Archive for the ‘Software Development’ Category.

Readability vs Runtime Feedback

In my scala explorations I also came across the problem of testing and verifying mocks. In scala it is trivial to pass around predicates, however these are function objects, that can be applied, but don’t know much about their implementation. So while the code is readable the feedback can be quite bad.

Groovy’s assert statement is a shining example, how both goals can be attainded. Just consider the following assertion:

assert ["100","Test", 11].contains("10"+"1")

It is beautiful to read (as opposed let’s say hamcrast that makes me use it’s own syntax to construct an expression tree). When it comes to execute this I also do get really good feedback:

Scala Compiler Quirks

Recently I have been dabbling with scala a bit. As it happens I found a few quirks in the compiler.

So does the following bit of code compiler and, if so, what does it print?

object Example {
    val x = y
    val y = true
 
    def main(args: Array[String]) {
        print(x);
    }
}

Yes you’ll get false and that is plain wrong. In my opinion a compiler error would have been fine and ideally, as there are no cycles it would have just printed true.

Another major selling point of scala is it’s pattern matching mechanism. A very convenient feature is the compiler’s ability to print a warning, if the cases provided are not exhaustive. A very simple case of such a non-exhaustive match is this:

object CaseExample {
      def main(args: Array[String]) {
          val b = args.length == 1
          b match {
              case true => print("True")
          }
 
      }
  }

Unfortunately the compiler doesn’t complain at all. After some googling I came across SI-3111. My own problem was slighty, but only slightly more complicated. I matched tupels of Options against Some and None.

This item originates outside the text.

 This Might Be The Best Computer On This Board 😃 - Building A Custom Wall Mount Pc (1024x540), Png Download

We have been bitten by both problems, that lead to really subtle bugs. This is really unfortunate, because the compiler can do a lot more in a language like scala. The first problem gets even caught by javac.

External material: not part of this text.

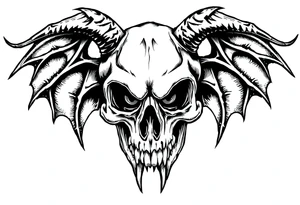 vampire scull tattoo idea
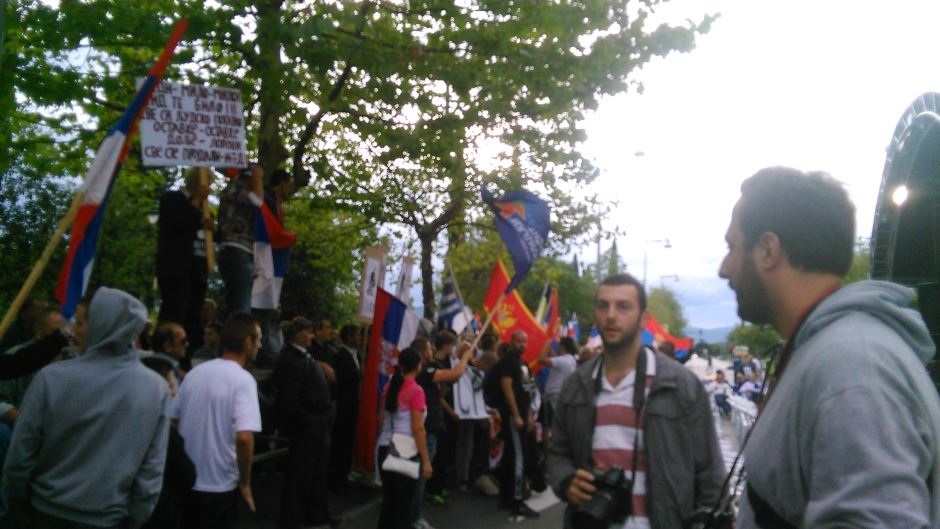 Protest opozicije u Crnoj Gori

A third shortcoming of scala can be easily fixed. Set the tab size to four spaces and your code will
look a lot more structured.

To me it seems like the scala compiler unnessarily discredits the idea of strong static checks by a somehwat quirky implementation.

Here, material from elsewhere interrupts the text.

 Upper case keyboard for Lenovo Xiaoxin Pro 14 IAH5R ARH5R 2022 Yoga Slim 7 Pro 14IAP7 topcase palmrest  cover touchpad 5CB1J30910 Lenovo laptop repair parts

Don’t use DITA if you don’t have to

I am currently for a large organisation that seems to embrace DITA for their documentation. In theory this is a nice thing. There is a wealth of tools to edit dita files and to transform them to all sorts of formats. The reference implementation is the DITA OPEN TOOLKIT. First of all I am not impressed with the documentation. There is no proper tutorial and no good overview. And these are people who are into writing documentation!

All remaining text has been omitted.